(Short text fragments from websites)
☆ ☆ ☆ ☆ ☆ ☆ ☆

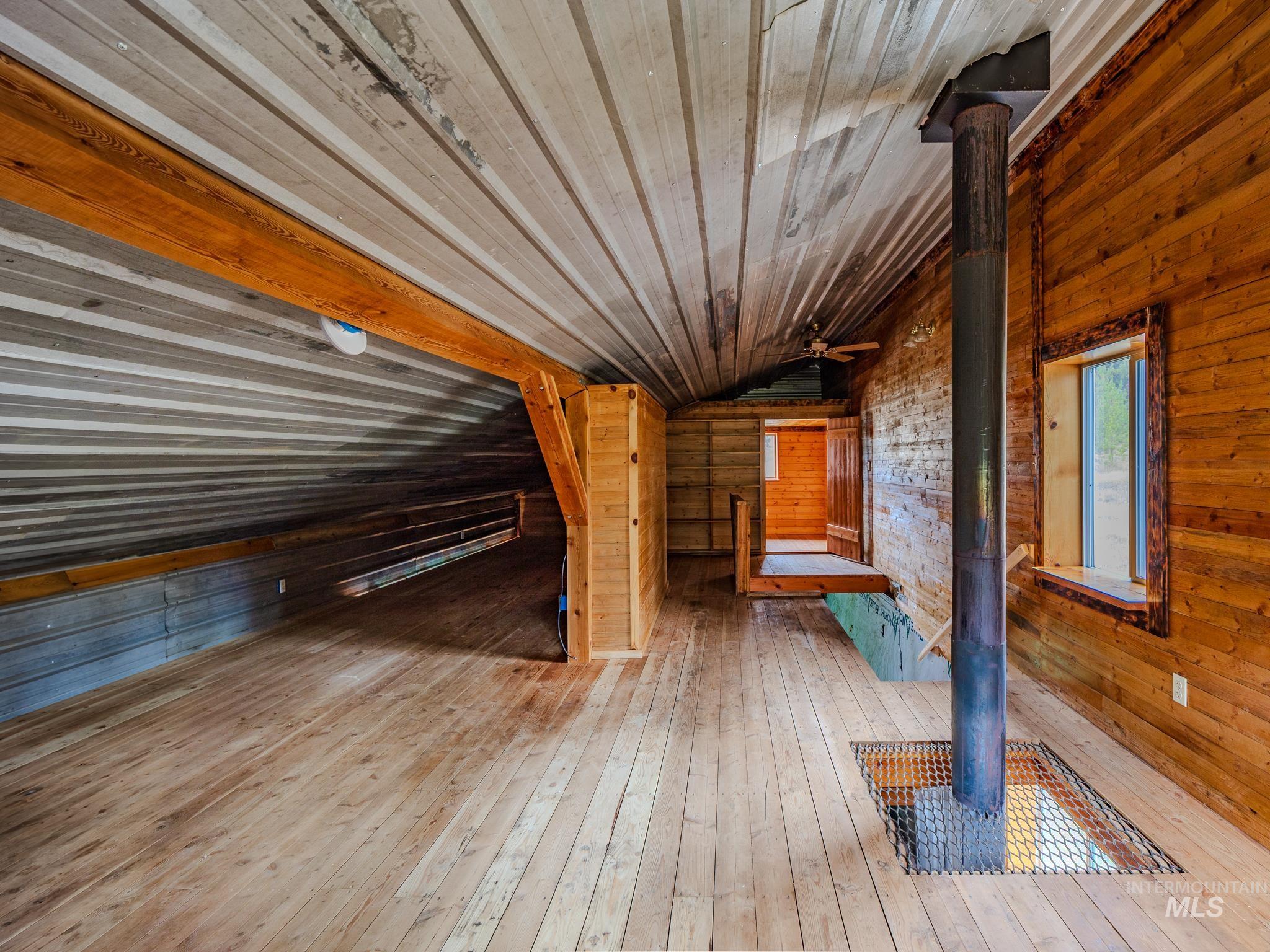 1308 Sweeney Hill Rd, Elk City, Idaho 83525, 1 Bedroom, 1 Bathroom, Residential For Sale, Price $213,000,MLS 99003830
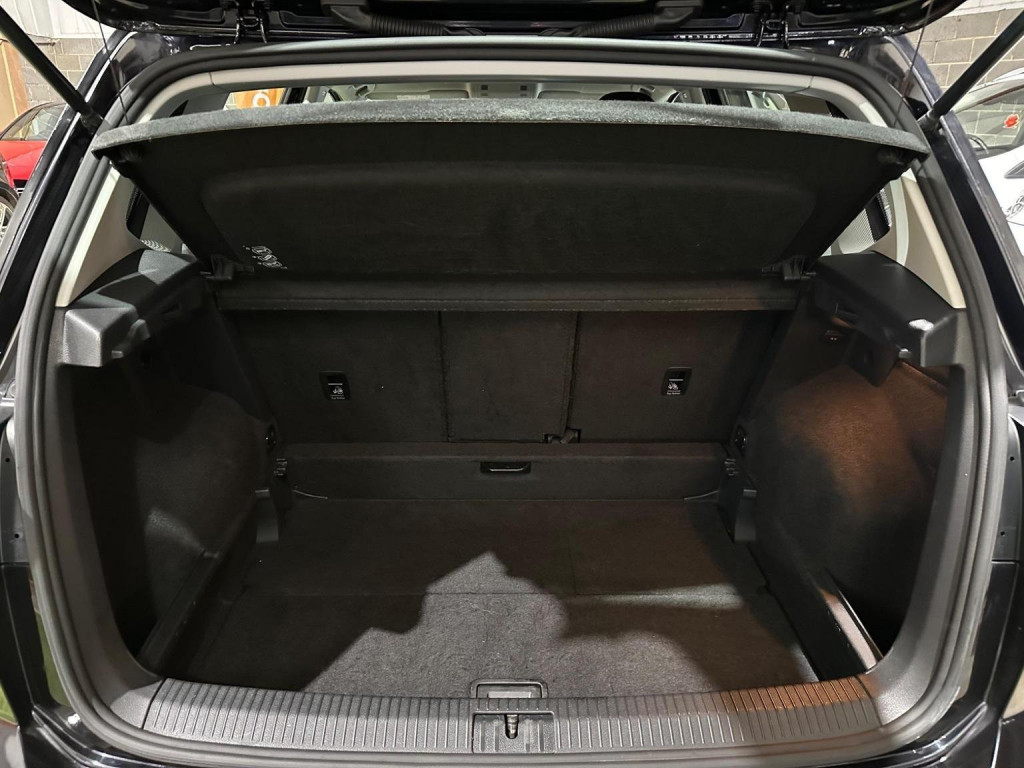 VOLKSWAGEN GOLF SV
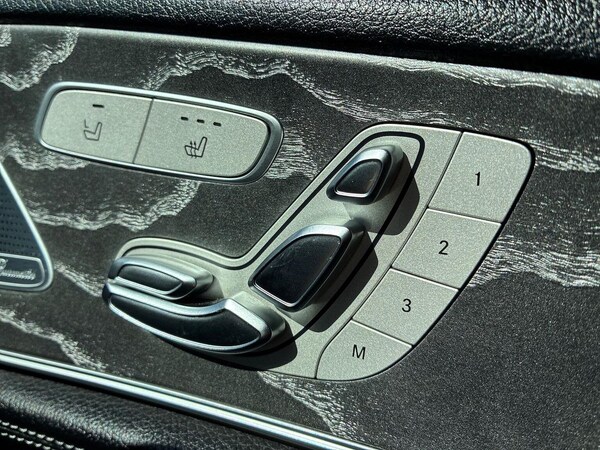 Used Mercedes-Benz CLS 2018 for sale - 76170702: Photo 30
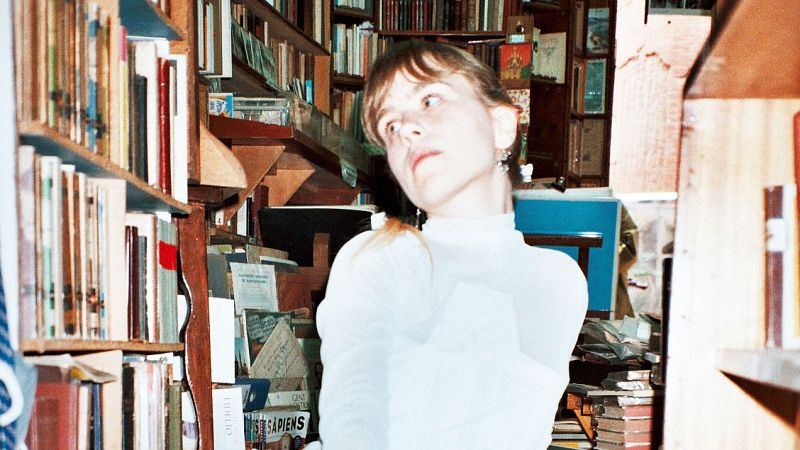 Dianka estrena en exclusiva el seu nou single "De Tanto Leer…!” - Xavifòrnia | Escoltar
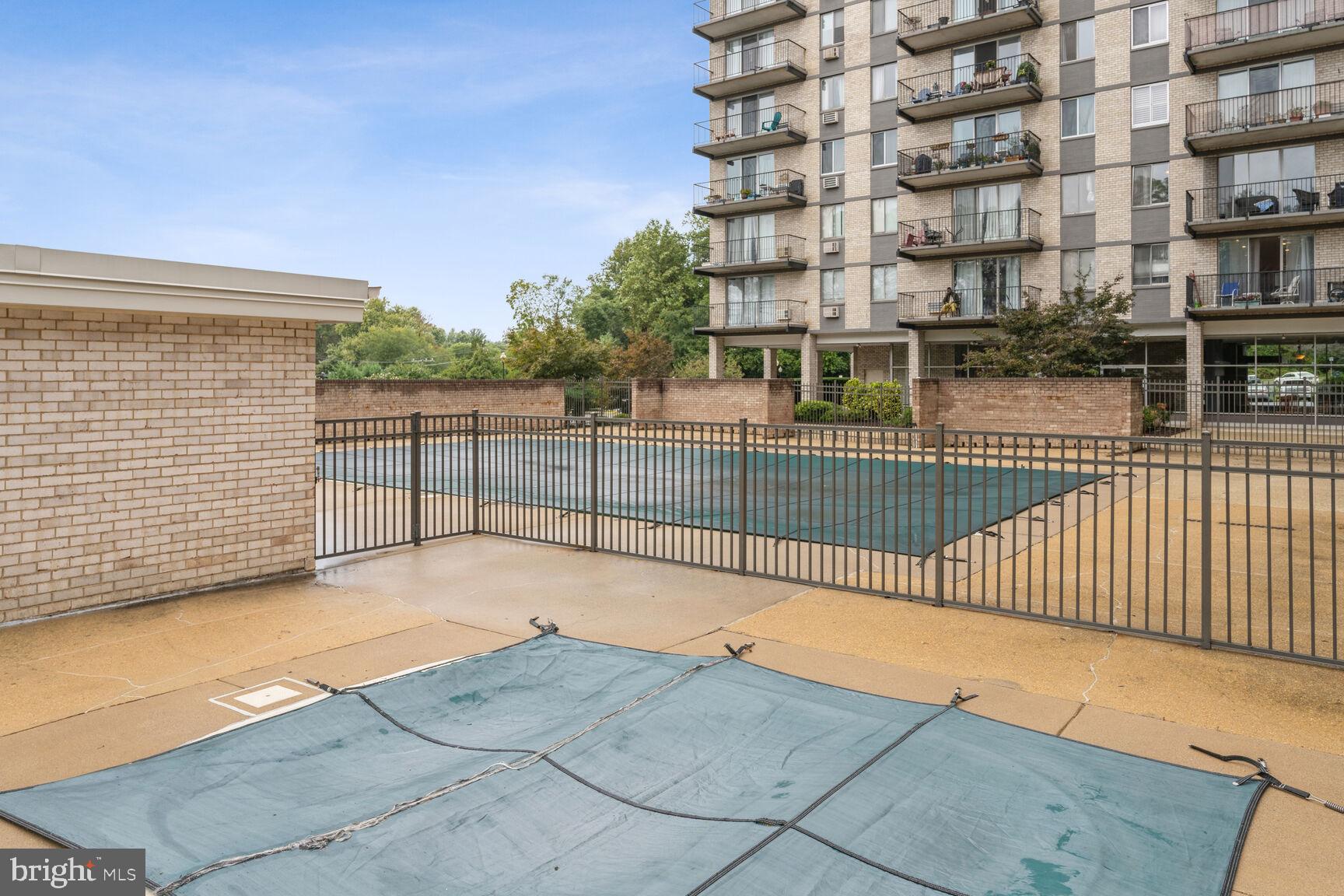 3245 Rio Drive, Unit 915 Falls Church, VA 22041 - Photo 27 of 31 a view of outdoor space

☆ ☆ ☆ ☆ ☆ ☆ ☆

▸ Exercise brief: Exactly retype each record above, dropping images.

▸ Answer below:
 1308 Sweeney Hill Rd, Elk City, Idaho 83525, 1 Bedroom, 1 Bathroom, Residential For Sale, Price $213,000,MLS 99003830
 VOLKSWAGEN GOLF SV
 Used Mercedes-Benz CLS 2018 for sale - 76170702: Photo 30
 Dianka estrena en exclusiva el seu nou single "De Tanto Leer…!” - Xavifòrnia | Escoltar
 3245 Rio Drive, Unit 915 Falls Church, VA 22041 - Photo 27 of 31 a view of outdoor space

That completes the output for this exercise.